Lobbyists Ponder Limits of Committee’s Product

While most of the lobbying surrounding Congress’ new deficit committee will be focused on easing the pain of massive cuts, a sliver of K Street will be on the prowl for ways to help clients by sneaking in provisions that might have little chance of passing otherwise.

Unlike most fast-tracked legislation, the bill produced by the Joint Committee on Deficit Reduction will not be subject to a decades-old rule named for the late Sen. Robert Byrd (D-W.Va.) that bars the inclusion of “extraneous” matters on budget packages.

Without the Byrd Rule, Members can include policy and regulatory issues that have no direct budget impact as a
potential pawn in the furious horse-trading likely to take place during the next four months. And lobbyists will be right there for the action, up until the panel’s Nov. 23 deadline for producing a bill.

“There will be lobbyists who look at this and think, ‘If I can just get my provision into this bill, I’m golden,'” said Robert Dove, who served as Senate parliamentarian for about 12 years in the 1980s and ’90s and now advises lobbyists at Patton Boggs. “That gives enormous freedom to this joint committee.”

He noted that changes to Social Security would not be allowed under the Byrd Rule, but they are fair game for the new super committee.

The committee’s proposal would ride a fast track to the floor with limited debate, prohibiting the use of a filibuster — meaning only 51 votes are necessary for approval — and protecting it from amendments. That’s a lot like the budget reconciliation process, except that in this case the power is concentrated in the hands of just 12 Members — six Representatives and six Senators, equally divided between the parties — instead of several committees working together to find savings. Reconciliation also is open to amendment, whereas the deficit reduction package will have to be voted on as is by Dec. 23.

The short timeline combined with the exemption from the filibuster, amendments and the Byrd Rule gives the yet-to-be-selected lawmakers almost unfettered and unprecedented power.
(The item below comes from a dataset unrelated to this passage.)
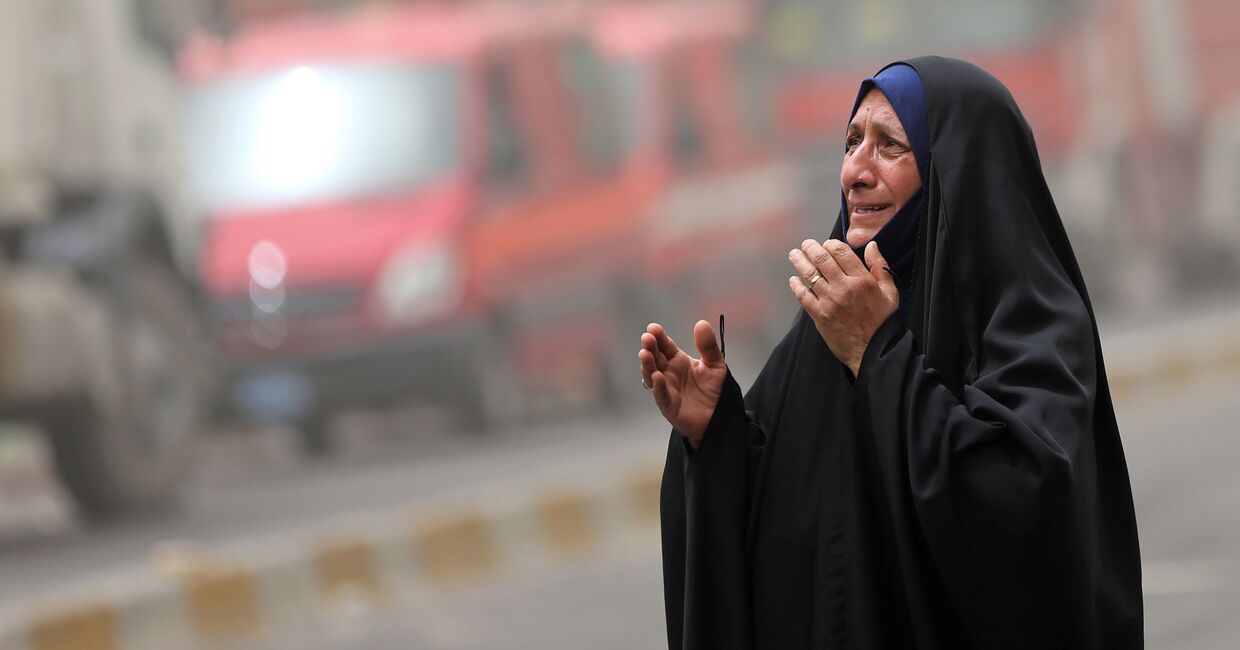 Женщина на месте террористического акта в Багдаде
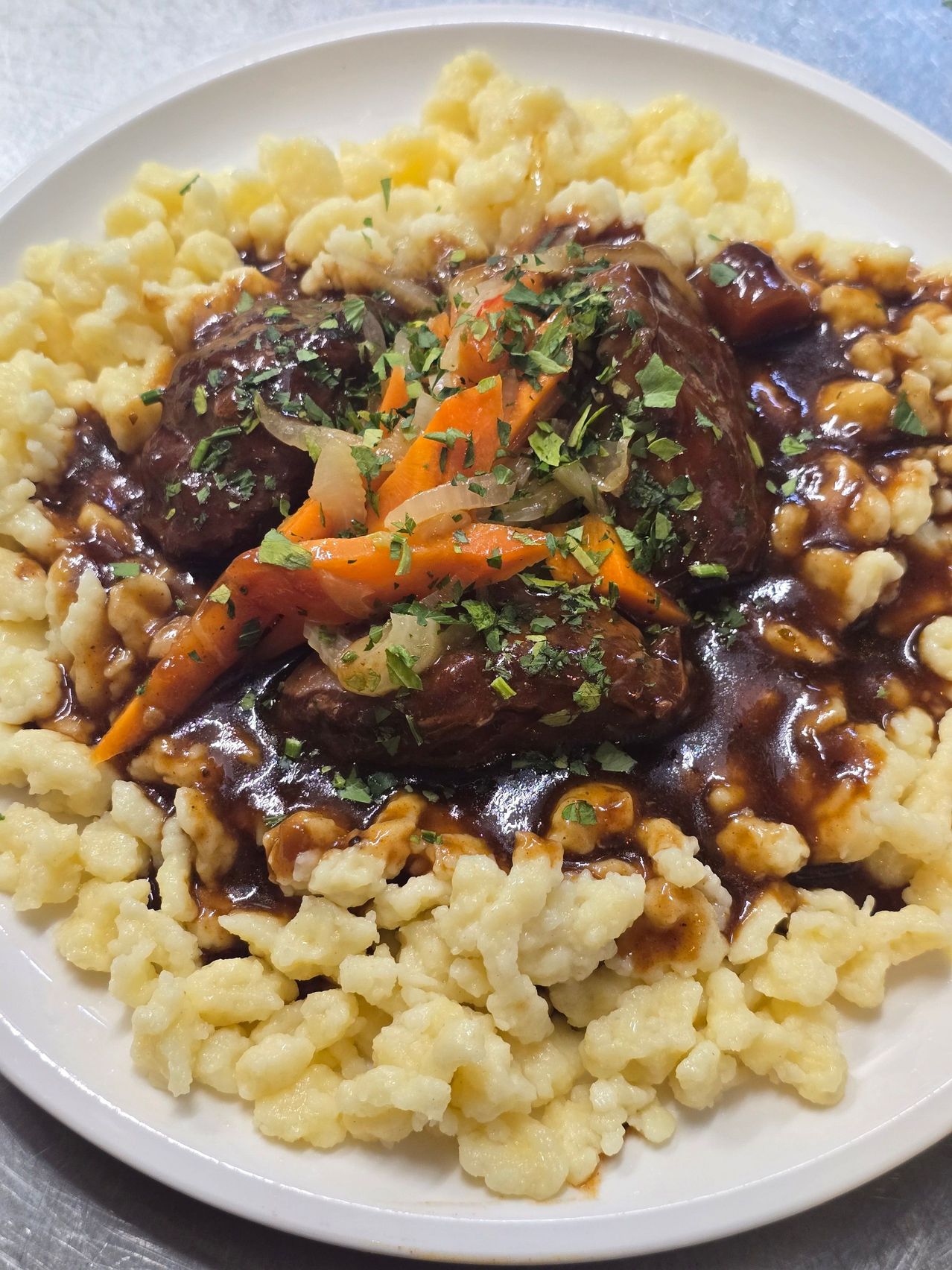 A plate of braised beef with a rich gravy, served over creamy mashed potatoes, and garnished with chopped carrots and parsley.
Hypothetically, they could even mandate an up-or-down vote on a package that includes language on the most controversial social issues, such as abortion and gay marriage.

But at the end of the day, the joint committee will want to get a deal approved on the floor and, if they need sweeteners, will more likely turn to less-controversial issues that are not likely to capture the public’s imagination.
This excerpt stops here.